One of the critical issues in this case, was that while leads could more or less be tracked through the qualification process to opportunities, the sales team “hoping against hope” that opportunities were not lost and not closing out opportunities. That led to a bottle neck of open opportunities that meant that marketing really could not get visibility on the sales pipeline, where to focus their efforts or understand what levers they needed to pull on to make a real impact.
Problems stacking up
To compound matters, marketing functions are also adding more and more tools to their “marketing stacks” and creating ever more data silos.
For those of you who haven’t heard the phrase before, a marketing stack is a collection of technologies that marketers use to conduct and (hopefully) improve their marketing activities. The focus of these tools is often to make process easier and to better measure the impact of various marketing tactics.
The growth of marketing technology is truly staggering, as shown by data collected by marketing technology blog chiefmartec.com. Since 2011 the number of marketing technology solutions has grown from ¬150 to over 6800 in 2019. The growth from 2011 to 2019 is shown in the graphic below.
This growth means that there are now more and more systems holding data, and in fact according to a recent survey by Gartner almost 30% of all marketing spend is now on marketing technology!

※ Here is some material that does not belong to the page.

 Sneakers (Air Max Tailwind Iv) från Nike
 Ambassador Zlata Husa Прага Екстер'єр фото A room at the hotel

Every experienced marketer knows that you can’t predict future success on individual surrogate indicators such as website traffic or social media followers. Growth in any area is only food if it actually leads to a growth in actionable leads the sales team can convert to opportunities and sales.
The need for digital (re)transformation
Most of the discussion above arises from a desire to leverage the possibility for efficiency gains and customer insight promised by various technologies. However, on its own no technology will deliver efficiency gains or improved insight. There are many commentaries out there that describe the 3P’s of digital transformation: People, Process and (technology) Platform – however this is a gross over-simplification.

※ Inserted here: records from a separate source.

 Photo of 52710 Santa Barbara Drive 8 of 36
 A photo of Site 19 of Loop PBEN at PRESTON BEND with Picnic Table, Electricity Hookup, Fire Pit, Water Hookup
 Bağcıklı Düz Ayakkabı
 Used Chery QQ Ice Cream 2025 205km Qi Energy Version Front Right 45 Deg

While culture and behaviour change can be included in the people part, so often those initiatives aren’t followed up with appropriate metrics and incentivisation to make the change stick.
The people using the systems also need to be included in specifying platform requirements and user stories as well as developing the new processes to ensure successful implementation.

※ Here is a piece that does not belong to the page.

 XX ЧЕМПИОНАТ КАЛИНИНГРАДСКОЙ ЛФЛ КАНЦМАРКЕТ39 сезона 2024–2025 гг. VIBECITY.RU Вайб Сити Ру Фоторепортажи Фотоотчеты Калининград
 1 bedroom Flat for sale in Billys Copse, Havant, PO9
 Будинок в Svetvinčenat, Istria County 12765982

But the elephant in the room, is the biggest scariest beast you’ve ever had to tackle – and that’s the data. Without the data in the technology platform the transformation is as good as dead.
Data, data everywhere yet not a bit in sight
As eluded to earlier, organisational data is hidden everywhere, often in discrete data silos that only a few people know about. During a recent talk to participants of the Sales Directors’ Programme and Key Account Management Best Practice executive education courses at Cranfield School of Management I asked where they had witnessed organisational data for serving customers being stored – the number of answers was staggering! Just a few of the answers are listed below:
- Marketing automation systems
- CRM systems
- ERP systems
- Manufacturing systems
- Customer support systems
- Internal Sharepoint sites
- Legacy databases
- Survey software
- People’s heads
Transforming for the future
Some of the biggest mistakes any organisation can make, is to embark on any digital transformation project without fully aligning the project with the business strategy and other projects that are also ongoing, as well as not involving the key stakeholders – be they customers or internal commercial teams.
Often new technologies fail to improve organisational productivity or improve customer experience because intimate knowledge has not been collected or overlooked.